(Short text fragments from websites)
========================================

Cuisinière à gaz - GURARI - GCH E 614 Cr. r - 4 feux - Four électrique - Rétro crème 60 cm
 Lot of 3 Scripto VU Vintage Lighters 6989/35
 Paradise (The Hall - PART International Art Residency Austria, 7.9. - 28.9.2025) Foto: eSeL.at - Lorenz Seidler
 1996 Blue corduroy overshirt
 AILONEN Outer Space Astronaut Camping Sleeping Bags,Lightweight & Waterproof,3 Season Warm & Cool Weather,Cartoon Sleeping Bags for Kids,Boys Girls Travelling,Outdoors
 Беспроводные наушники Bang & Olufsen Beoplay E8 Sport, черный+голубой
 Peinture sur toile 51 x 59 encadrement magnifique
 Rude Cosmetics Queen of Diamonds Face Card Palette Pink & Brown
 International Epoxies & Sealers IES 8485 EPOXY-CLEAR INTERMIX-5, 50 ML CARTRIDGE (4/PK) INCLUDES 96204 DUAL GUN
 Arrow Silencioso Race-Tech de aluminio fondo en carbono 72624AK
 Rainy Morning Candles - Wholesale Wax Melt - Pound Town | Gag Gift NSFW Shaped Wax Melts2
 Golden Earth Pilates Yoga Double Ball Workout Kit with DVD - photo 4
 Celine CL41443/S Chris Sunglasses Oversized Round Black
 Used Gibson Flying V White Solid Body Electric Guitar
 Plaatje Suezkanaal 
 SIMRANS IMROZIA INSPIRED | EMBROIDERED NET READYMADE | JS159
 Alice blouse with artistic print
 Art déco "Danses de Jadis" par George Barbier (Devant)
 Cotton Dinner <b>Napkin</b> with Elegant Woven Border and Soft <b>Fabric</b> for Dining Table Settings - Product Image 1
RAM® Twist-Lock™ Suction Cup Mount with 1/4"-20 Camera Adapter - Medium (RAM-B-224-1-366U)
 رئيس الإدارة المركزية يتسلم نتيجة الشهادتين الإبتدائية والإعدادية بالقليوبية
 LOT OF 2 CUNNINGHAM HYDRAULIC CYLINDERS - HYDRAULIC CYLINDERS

========================================

> _Task brief_
Your reply should be nothing but the lines from the one containing "Cotton Dinner <b>Napkin</b>" through the last line above, copied exactly; please include both ends.

> _Finished exercise_
 Cotton Dinner <b>Napkin</b> with Elegant Woven Border and Soft <b>Fabric</b> for Dining Table Settings - Product Image 1
RAM® Twist-Lock™ Suction Cup Mount with 1/4"-20 Camera Adapter - Medium (RAM-B-224-1-366U)
 رئيس الإدارة المركزية يتسلم نتيجة الشهادتين الإبتدائية والإعدادية بالقليوبية
 LOT OF 2 CUNNINGHAM HYDRAULIC CYLINDERS - HYDRAULIC CYLINDERS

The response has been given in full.